Sometimes I decide I want to scale a model, so I simply adjust the axis and reprint, no problem. This should be an option for customers on here, there will be interior decorators and architects, householders who want a quite precisely sized version of models on here.

Use of non solid fill styles is of great benefit on FDM printers as lighter parts may be made with similar strength and less volume of material. Jewelers will be doing this with gold as soon as it’s available.

Voronoi processing gives some of these advantages as a preprocessing step but not if we are still requiring the full unbroken skin.

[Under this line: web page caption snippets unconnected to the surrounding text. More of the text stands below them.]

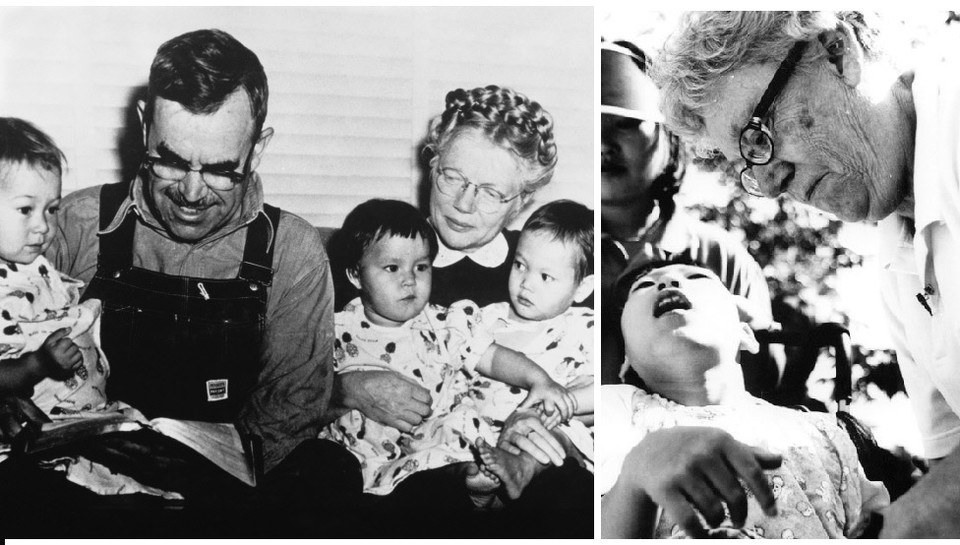 홀트 부부와 그의 딸 말리 홀트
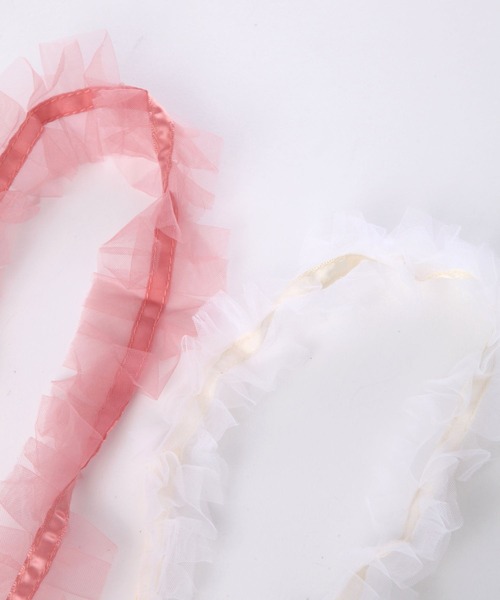 tiny tiny（ティニーティニー）の「チュールフリルチェーンショルダーバッグ[tiny tiny(ティニーティニー)]（ショルダーバッグ・レディース・ブラック/アイボリー/ピンク/グレー/レッド・0）」の19枚目の写真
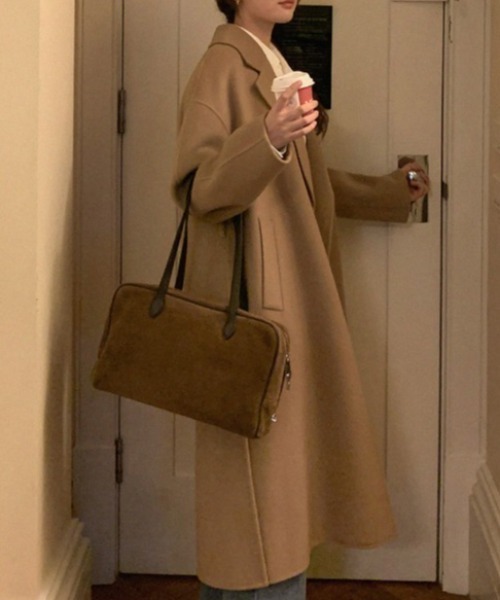 セール】ウエストマークロングチェスターコート（チェスターコート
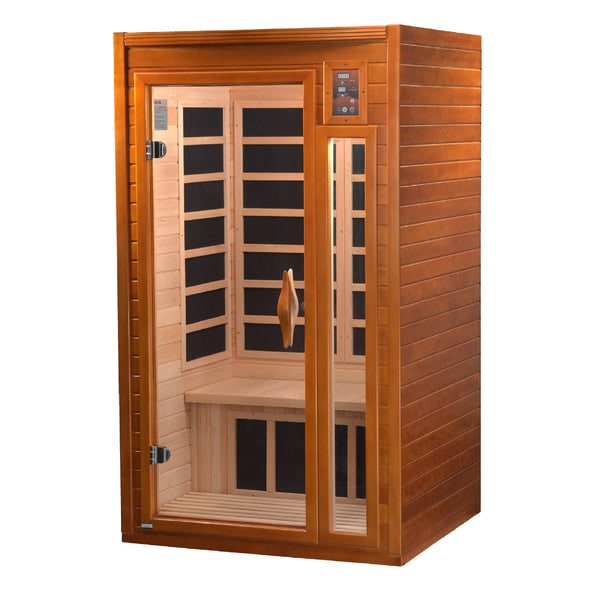Dynamic Barcelona Elite 1-2 Person Ultra Low EMF FAR Infrared Sauna | DYN-6106-01 Elite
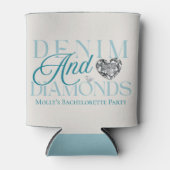 デニムアンドダイアモンズウェスタンバチェロレッテデザイン 缶クーラー (正面)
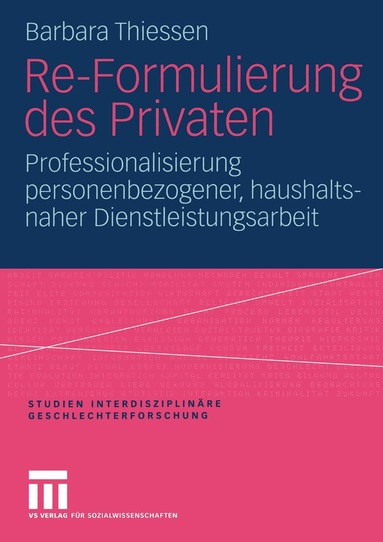 Barbara Thiessen - Re-Formulierung des Privaten, Häftad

Can pinshape provide any of these features and if so, as designers, how do we enable the options as preset and/or with ranges for customer selection?

Graham

Hi Graham,

Thanks for the great questions. These features and certainly in our pipeline for future implementation. We certainly see the importance of being able to reduce material usage as a means of reducing print cost, and know that scaling will be helpful to many people. At this point, we don’t have those features implemented, however. Part of the complexity in these more advanced features comes from our decision to support multi-file designs, meaning we need to develop a user friendly interface for dealing with all of thee options in a way that satisfies our users. Thanks so much for the suggestions, we will keep them in mind as we plan our development.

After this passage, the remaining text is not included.